(EXTRACTED RECORDS Opens)

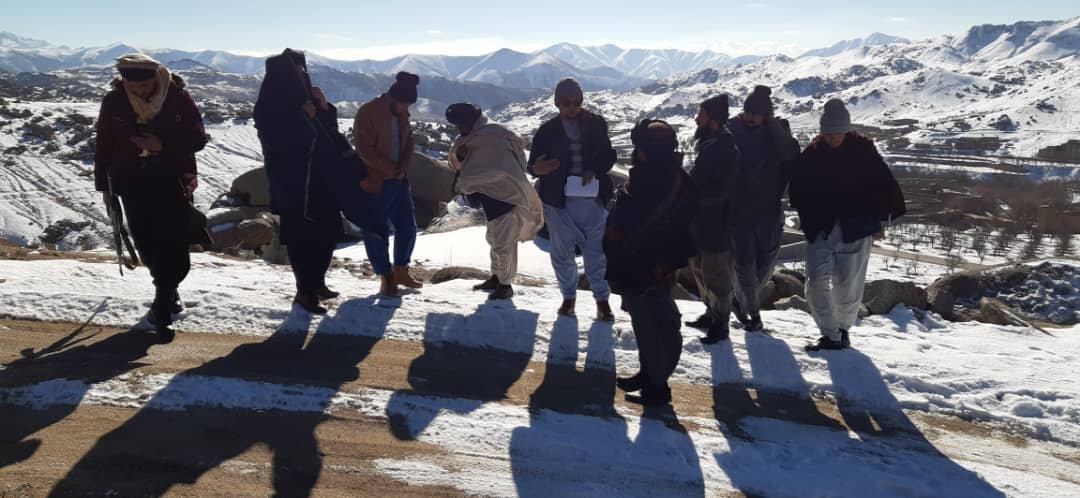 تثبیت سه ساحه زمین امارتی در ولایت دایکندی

(EXTRACTED RECORDS Closes)
(EXTRACTED RECORDS Opens)

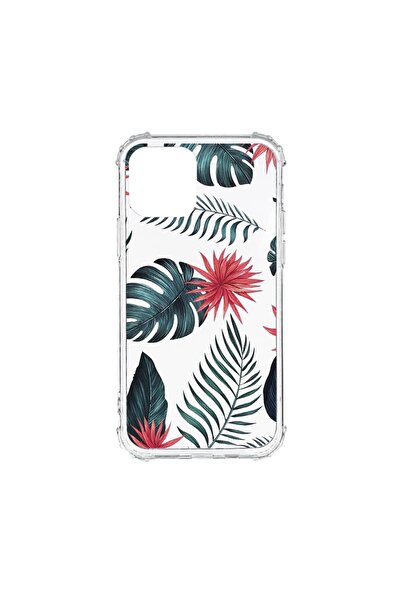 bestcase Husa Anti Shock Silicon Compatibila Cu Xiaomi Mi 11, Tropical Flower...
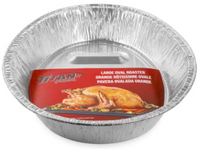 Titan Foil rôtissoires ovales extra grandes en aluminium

(EXTRACTED RECORDS Closes)

HOW TO COMPLETE THIS TASK: Within the listing above, extract exactly the lines that run from the one containing "bestcase Husa Anti" through the one containing "Titan Foil rôtissoires", excluding any pictures.

FINISHED EXERCISE:
 bestcase Husa Anti Shock Silicon Compatibila Cu Xiaomi Mi 11, Tropical Flower...
 Titan Foil rôtissoires ovales extra grandes en aluminium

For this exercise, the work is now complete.